Der Heilige Vater beschrieb die Rolle des Apostels Petrus als den „Felsen“, auf dem die Kirche gegründet wurde, und erklärte: „In dieser Kirche befindet sich der höchste Punkt wie in einer umgekehrten Pyramide unterhalb der Basis.“ In Bezug auf die Entscheidung, Laien das Wahlrecht zu geben, schrieb der Kardinal: „Wenn ich eines der Synoden mitglieder wäre, würde ich mich entschieden dagegen aussprechen, da diese Entscheidung den Charakter der Synode, die Papst Paul VI. als ein Instrument der bischöflichen Kollegialität vorgesehen hatte, radikal verändert, auch wenn im Sinne der Synodalität Laien als Beobachter zugelassen sind – mit der Möglichkeit, sich zu äußern.“ 

Bischof Zen schreibt weiters: „Laien das Stimmrecht zu geben, mag den Anschein erwecken, den sensus fidelium zu respektieren, aber sind Sie sicher, dass diese eingeladenen Laien treu sind? In Wirklichkeit wurden sie nicht als Teilnehmer gewählt.“ Zen sagt damit den Bischöfen, dass sie zumindest verlangen sollten, dass die Stimmen der Bischöfe und der Laien getrennt gezählt werden. Schließlich habe dies sogar die deutsche Synode getan. Ein unwiderlegbares Ad-hominem-Argument

Vermeidung ehrlicher und offener Debatten 

Erzbischof Zen wirft dem Heiligen Stuhl vor, ehrliche und offene Debatten vermeiden zu wollen. Er betont, dass der Heilige Geist nur durch einen soliden Dialog wirken kann. „Mir scheint, dass beim Zweiten Vatikanischen Konzil, bevor man zu einer fast einstimmigen Schlussfolgerung gelangte, viel Zeit für lebhafte Diskussionen aufgewendet wurde. Dort war der Heilige Geist am Werk. Diejenigen, die Diskussionen vermeiden, vermeiden die Wahrheit“, schreibt Zen. 

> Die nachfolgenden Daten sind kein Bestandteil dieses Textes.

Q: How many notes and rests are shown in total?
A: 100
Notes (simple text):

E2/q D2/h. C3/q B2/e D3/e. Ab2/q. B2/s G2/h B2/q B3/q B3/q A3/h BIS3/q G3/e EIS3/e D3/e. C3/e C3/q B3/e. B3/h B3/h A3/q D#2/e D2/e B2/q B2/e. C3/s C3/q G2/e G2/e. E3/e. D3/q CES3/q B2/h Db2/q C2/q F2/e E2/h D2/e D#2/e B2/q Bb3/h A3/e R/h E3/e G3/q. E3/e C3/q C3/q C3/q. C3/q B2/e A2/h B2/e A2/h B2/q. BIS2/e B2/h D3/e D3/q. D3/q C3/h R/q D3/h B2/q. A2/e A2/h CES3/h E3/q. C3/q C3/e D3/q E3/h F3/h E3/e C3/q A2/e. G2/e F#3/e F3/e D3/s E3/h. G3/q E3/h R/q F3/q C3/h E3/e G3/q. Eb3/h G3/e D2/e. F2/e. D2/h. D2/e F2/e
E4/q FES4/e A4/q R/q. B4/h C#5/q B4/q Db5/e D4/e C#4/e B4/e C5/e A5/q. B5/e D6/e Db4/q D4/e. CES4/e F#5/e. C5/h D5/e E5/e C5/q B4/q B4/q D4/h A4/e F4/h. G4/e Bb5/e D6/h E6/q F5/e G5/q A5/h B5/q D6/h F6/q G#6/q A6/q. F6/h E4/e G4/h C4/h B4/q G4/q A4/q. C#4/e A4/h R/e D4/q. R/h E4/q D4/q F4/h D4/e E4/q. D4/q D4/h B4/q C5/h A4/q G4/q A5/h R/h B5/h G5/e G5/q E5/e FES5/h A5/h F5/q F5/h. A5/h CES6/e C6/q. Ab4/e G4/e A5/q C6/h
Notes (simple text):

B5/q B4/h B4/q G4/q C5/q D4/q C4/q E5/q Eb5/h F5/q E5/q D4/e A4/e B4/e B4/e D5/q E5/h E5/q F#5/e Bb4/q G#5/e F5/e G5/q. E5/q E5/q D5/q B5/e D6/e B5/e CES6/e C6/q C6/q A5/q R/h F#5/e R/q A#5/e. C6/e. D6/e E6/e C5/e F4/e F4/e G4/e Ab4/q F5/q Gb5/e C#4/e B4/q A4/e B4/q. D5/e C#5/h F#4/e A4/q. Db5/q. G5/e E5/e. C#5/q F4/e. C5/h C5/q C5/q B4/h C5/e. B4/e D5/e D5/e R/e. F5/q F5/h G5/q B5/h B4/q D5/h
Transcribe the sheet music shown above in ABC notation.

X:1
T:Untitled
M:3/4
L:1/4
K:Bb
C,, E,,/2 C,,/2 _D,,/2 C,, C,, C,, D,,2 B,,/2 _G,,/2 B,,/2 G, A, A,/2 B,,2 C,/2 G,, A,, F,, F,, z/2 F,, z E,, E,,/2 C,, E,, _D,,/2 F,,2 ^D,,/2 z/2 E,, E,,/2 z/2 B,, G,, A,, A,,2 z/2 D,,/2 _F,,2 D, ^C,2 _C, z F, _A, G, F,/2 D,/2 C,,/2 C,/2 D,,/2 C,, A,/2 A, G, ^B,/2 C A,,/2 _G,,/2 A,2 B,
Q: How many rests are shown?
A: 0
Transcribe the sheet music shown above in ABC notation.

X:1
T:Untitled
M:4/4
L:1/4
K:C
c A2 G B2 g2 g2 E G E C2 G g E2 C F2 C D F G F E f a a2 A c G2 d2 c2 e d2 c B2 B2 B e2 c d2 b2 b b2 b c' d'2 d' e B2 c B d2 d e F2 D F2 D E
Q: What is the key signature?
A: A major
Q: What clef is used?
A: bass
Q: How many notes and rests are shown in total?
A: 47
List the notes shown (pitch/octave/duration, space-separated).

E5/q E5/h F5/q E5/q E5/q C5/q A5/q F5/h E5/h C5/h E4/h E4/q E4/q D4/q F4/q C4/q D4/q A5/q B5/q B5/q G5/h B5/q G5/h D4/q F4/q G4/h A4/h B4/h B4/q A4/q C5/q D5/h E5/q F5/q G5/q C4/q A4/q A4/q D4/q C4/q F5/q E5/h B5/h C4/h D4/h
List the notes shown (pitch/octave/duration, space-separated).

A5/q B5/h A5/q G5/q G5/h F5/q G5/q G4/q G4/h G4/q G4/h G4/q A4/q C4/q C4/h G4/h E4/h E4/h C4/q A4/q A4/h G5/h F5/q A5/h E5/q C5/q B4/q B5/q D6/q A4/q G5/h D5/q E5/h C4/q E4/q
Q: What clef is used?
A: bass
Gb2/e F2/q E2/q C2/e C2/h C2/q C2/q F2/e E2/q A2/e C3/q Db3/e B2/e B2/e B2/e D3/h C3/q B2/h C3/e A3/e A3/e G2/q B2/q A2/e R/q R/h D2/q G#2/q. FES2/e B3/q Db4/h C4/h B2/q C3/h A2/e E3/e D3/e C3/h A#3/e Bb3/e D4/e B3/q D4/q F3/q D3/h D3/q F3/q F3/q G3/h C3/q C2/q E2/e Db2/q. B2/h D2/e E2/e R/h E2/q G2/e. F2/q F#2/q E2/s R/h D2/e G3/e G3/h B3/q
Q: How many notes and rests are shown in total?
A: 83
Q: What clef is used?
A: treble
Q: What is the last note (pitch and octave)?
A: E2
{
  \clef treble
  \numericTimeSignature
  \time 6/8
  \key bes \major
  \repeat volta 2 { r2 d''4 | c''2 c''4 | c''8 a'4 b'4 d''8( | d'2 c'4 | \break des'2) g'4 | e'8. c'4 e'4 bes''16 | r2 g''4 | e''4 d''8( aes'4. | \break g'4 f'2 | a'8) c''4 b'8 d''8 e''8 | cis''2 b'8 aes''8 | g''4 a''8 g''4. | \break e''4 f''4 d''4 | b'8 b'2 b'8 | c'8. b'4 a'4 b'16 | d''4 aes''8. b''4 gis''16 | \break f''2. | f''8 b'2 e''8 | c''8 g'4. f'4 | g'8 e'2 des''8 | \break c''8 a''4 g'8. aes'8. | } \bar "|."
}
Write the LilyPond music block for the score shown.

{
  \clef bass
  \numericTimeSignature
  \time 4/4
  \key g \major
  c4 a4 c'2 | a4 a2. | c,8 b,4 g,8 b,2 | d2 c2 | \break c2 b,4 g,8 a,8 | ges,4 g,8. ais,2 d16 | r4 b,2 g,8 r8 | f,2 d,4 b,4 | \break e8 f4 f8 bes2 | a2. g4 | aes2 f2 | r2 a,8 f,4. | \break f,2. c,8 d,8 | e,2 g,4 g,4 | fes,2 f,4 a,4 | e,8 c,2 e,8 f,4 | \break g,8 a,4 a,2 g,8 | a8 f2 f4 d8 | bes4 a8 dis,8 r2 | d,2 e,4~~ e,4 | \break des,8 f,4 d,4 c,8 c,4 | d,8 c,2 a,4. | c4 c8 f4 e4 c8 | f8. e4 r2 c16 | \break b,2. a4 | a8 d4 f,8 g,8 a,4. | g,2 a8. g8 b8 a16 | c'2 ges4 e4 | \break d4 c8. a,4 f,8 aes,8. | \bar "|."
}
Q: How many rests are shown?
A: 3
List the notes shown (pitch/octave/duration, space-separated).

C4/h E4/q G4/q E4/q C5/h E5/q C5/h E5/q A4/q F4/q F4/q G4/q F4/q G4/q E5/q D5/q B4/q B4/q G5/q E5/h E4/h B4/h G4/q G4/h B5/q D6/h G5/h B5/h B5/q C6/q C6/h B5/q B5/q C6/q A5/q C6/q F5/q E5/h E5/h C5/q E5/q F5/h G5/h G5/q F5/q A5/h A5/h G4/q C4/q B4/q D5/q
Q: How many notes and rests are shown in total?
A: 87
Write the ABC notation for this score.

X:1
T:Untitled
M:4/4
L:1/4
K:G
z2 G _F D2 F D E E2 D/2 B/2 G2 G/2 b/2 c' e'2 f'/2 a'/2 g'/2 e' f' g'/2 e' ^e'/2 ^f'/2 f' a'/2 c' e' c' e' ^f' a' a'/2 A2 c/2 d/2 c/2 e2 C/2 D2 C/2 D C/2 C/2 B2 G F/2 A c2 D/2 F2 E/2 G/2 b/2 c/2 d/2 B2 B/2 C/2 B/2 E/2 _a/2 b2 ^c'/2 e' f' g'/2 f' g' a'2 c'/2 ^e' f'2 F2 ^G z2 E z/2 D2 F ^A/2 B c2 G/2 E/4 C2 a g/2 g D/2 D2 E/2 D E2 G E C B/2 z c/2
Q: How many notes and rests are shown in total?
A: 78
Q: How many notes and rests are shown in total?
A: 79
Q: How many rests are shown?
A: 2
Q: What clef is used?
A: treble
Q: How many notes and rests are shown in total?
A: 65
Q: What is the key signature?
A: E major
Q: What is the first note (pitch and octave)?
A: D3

Und er erinnert sich: „Ich weiß, dass der Papst bei der Familiensynode die Vorschläge mehrerer Kardinäle und Bischöfe gerade in Bezug auf das Verfahren abgelehnt hat. Wenn Sie jedoch respektvoll eine Petition einreichen, die von vielen Unterzeichnern unterstützt wird, wird sie vielleicht angenommen. Auf jeden Fall haben Sie dann Ihre Pflicht getan. Einem unvernünftigen Verfahren zuzustimmen, würde die Synode zum Scheitern verurteilen.“ 

Der 91-jährige Kardinal schloss mit einem erneuten Gebetsaufruf an seine Mitbischöfe und Kardinäle und mit einem Aufruf, sich für eine Änderung der Synodenverfahren einzusetzen: „Dieser Brief ist vertraulich, aber es wird nicht leicht sein, ihn vor den Medien zu verbergen. Trotz meines Alters habe ich nichts zu gewinnen und nichts zu verlieren. Ich werde froh sein, dass ich das getan habe, was ich für meine Pflicht halte.“ 

Unser Fazit: Der Brief des emeritierten Bischofs von Hongkong ist argumentationsstark und mutig. Er zeigt sehr gut die grundlegenden Fragen auf, einerseits zur Legitimität der Synode, wie sie einberufen und konzipiert wurde, und andererseits zu einer Funktionsweise, die nichts mit irgendeiner Tradition zu tun hat, weder mit einer lateinischen noch mit einer östlichen. Trotzdem wurde die Synode zum vorgesehenen Zeitpunkt und nach den neuen Modalitäten eröffnet. Eine Überraschung während des Verlaufs ist jedoch nicht ausgeschlossen.